Decoding the Printer's Language

The first major breakthrough came from the discovery of the sane-pixma project, a SANE (Scanner Access Now Easy) backend for Canon PIXMA devices. This provided valuable insights into the communication protocol used by Canon printers. While this information was helpful, it primarily focused on scanning functionality rather than printing. At the time however, I saw a wealth of information before me after a series of fruitless web searches, as is often the case with such ancient hardware.
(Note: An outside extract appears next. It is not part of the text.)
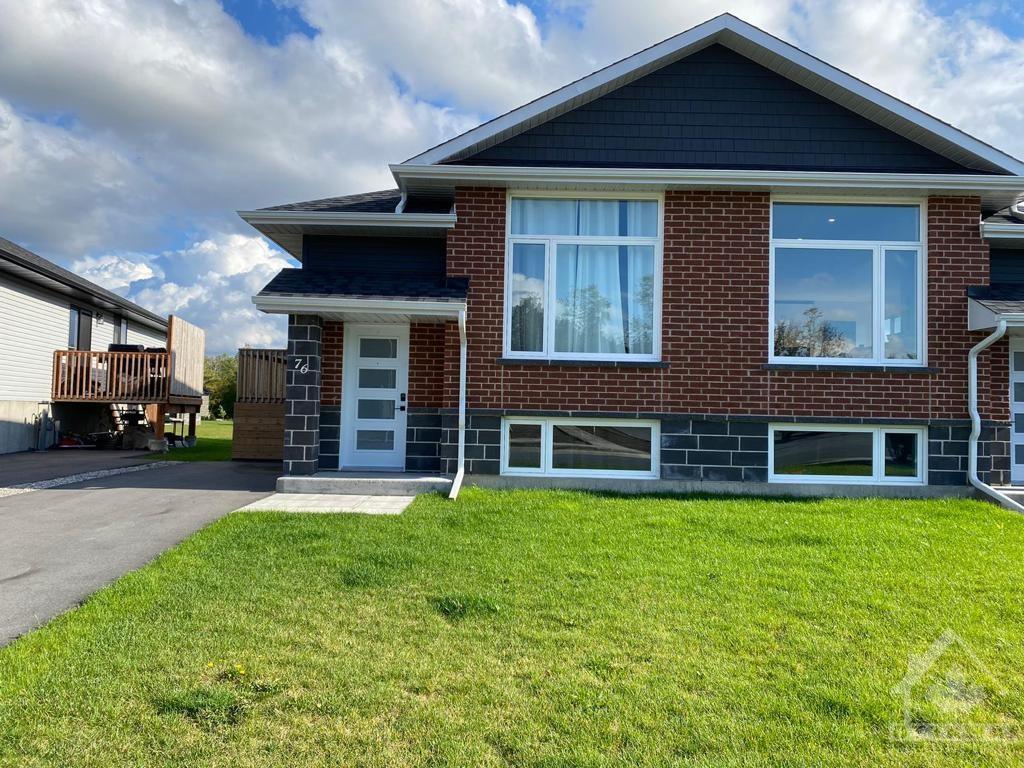 76 CAMERON Crescent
To gather more specific data about the printing process, I turned to Wireshark with USBPcap to capture USB traffic during a print job. I began capture, connected the printer, and printed the plain text, test. The initial capture yielded 794 packets in just 6 seconds, which was overwhelming but unsurprising give all of my USB peripherals. Through careful application of filters, I narrowed down the relevant data:

Applied filter _ws.col.info == "GET DESCRIPTOR Response DEVICE" in order to find the device information
- Revealed the Vendor ID (VID) and Product ID (PID) in the relevant packets
From there, applied filter: usb.idVendor == 0x04a9 && usb.idProduct == 0x1731 (Canon MP480 identifiers)
Further filtered to usb.transfer_type == 3 (bulk transfers, typically used for printer data)
Finally, isolated packets with usb.bInterfaceClass == 0x07 (printer class)

This process reduced the data to the most relevant packets for our analysis, namely our print job. Here's a breakdown of key discoveries:

Initialization Sequence

1b 5b 4b 02 00 00 1f 42 4a 4c 53 54 41 52 54 0a
43 6f 6e 74 72 6f 6c 4d 6f 64 65 3d 43 6f 6d 6d
6f 6e 0a 53 65 74 54 69 6d 65 3d 32 30 32 34 31
30 31 37 32 33 31 31 33 30 0a 42 4a 4c 45 4e 44
0a

Excepting some setup and command identifiers, this translates to:

BJLSTART
ControlMode=Common
SetTime=20241017231130
BJLEND

Print Data Transmission

Print data is sent in chunks, each preceded by a header:

1b 28 46 <2 bytes for length>

Where 1b 28 46 is the ASCII for "ESC ( F", followed by a 2-byte length specifier.

Job End Sequence

1b 5b 4b 0b 00 00 1e 00 09 53 53 52 3d 44 46 3b

ASCII: ESC [ K <7 bytes> SSR=DF;

While we can intuit the meaning of this sequence, a full understanding will require further experimentation.

What We Learned

The frequent use of 1b (ESC) indicates that many of these sequences are printer control commands
The printer ostensibly utilizes a combination of ASCII text commands (like BJLSTART) and binary data for control and configuration
The 0a (newline) characters are often used to separate different commands or parameters within a sequence
The consistent structure (ESC followed by command identifiers and parameters) suggests a well-defined command protocol, likely proprietary to Canon printers

This detailed analysis of the USB traffic was crucial in understanding how to effectively communicate with the printer.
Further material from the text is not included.